Besides being what Fergie used to do in the nineties, TOGAF is a method for enterprise architecture, and a couple of weeks ago I went on a TOGAF 9.1 Foundation and Certified course. My interest was exploratory rather than targeted: I wanted to hear a view on how to do architecture properly without really expecting to execute it myself at any point soon. Here’s a summary of some things I learned from the course.
- Drawing lots of diagrams of the same thing for different audiences is an inescapable part of being an architect. This is a disappointment to me because I find drawing diagrams quite difficult, and maintaining multiple diagrams representing a changing system is even more difficult. There are two solutions to the problem of maintenance, and I don’t think either is possible to reach perfectly:
- Only start drawing multiple representations when the system isn’t going to change at the level at which you want to draw the diagrams. (Although you will still need to make many drafts of your master diagram: the one that represents your viewpoint.)
- Get an architecture repository which can auto-generate nice projections of systems for appropriate audiences.
- This isn’t part of TOGAF, but I first heard of spider diagrams, which are a way of comparing two or more different solutions, each of which is evaluated in various ways.
Definitely one for the business toolkit rather than the science one. If you can mentally translate them into a simple bar chart, like the one below, then fine.
If not then they can be a bit misleading. For one thing, if there are more than three aspects to compare, the area covered by each option is affected by the order of the spokes.
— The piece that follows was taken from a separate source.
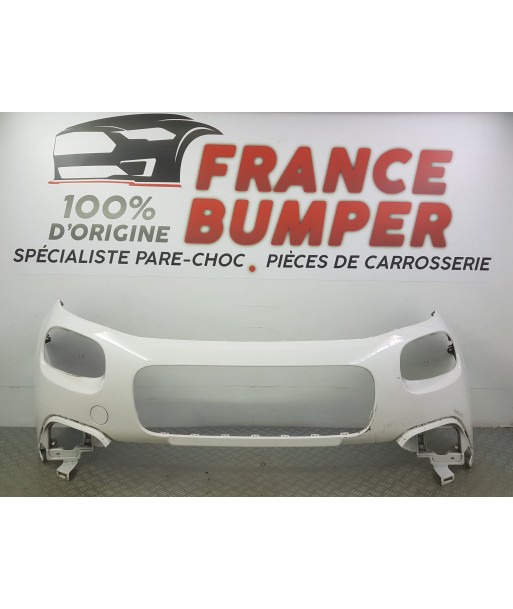 Pare choc avant Citroen C3 (3) phase 1 occasion basket pas cher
Look at these two solutions:
|Solution 1||Solution 2|
Both solutions have an equivalent numerical score, but look very different on a spider graph: solution 2 covers more than a third of the hexagon whilst solution 1’s area is close to zero.
The other problem is them is that they don’t allow you to weight the importance of the various aspects very well. However, this weighting is something that tends to happen in each individual stakeholder’s mind, so providing the raw data (like this or in a bar chart form) is probably more politically advisable. And, as my father pointed out to me this evening, they do actually allow you to put different units on each spoke, which is much more difficult in a bar chart.
Arguably the point of a diagram is to be interesting and pretty enough for someone to actually look at it, so perhaps it doesn’t matter that spider diagrams can do misleading things with areas as long as they’re sufficiently novel to get a busy important person to look at them long enough to read the figures.
In the same vein, the instructor told us about ‘tube map’ diagrams, which don’t seem to have to mean anything in particular as long as they’ve got circular intersections and thick coloured lines, like the example below.
Besides being founded on the superlative clarity of the tube map, they doubtless draw their effectiveness from the fact that most of their audience are, or have at some point been, commuters or international travellers, and so have developed an unconscious attaction towards anything that might help them travel more efficiently. This fact is ruthlessly exploited by the advertisements on the London Underground, which use tube-map analogies to advertise everything from homeless charities to cold remedies. (Note to any advertisers who happen to be reading this techie blog: it’s best to obey the grammatical rules of tube maps. For example, all lines should be horizontal, vertical, or at 45 degrees and the corners should be arcs of small circles: if you can’t make it with a wooden BRIO train set, it ain’t right. If you break the rules you risk putting off your audience, unless you’re doing something clever by subverting the format, such as showing how a drunken night can go hideously off course by going all swirly towards the end of the line.)
- The exam is probably a bit too easy to be able to use it to draw any conclusions about the effectiveness of certified architects or TOGAF course instructors. (I haven’t actually taken the exam yet.) There are two stages to it: Foundation and Certified. Both are multiple choice.
Foundation is all about terminology, and requires a bit of rote learning (e.g. the Architecture process consists of ten phases, eight of which are drily called Phases A-H, and you have to remember which letter of the alphabet corresponds to which inputs, activities and outputs).
Certified involves reading various scenarios and choosing one of four options about what the action of a TOGAF enterprise architect would be. This could be a good test of understanding, but the mark scheme is such that if you can eliminate the two least likely answers from each question then you’re certain to pass, and in fact even if you’re only able to eliminate the least likely answer, your expected result is still the pass mark. And, from the fake test that my course provider gave me, it looks as though they always put howlers of answers in which are easy to spot if you’ve learnt your TOGAF terminology.
- The opinion that enterprise architecture is expensive and ineffective is not universally held. However it is sufficiently widespread that a significant part of the course was about learning to sell the benefits (higher-quality and cheaper IT) to management.
- An architecture respository is essential if you want to be able to work out what systems could be affected by changes you are considering making to your enterprise architecture. This makes sense to me, because the alternative system – asking people who were there when the system was first implemented – doesn’t seem to work very well.
- I learnt a process for doing architecture. I don’t think I’ll be executing it rigorously in my current workplace, as that would require cooperation with others and the consequent need to become a TOGAF bore, but I do plan to turn it into a checklist to see whether we’ve done everything that the process suggests should be done.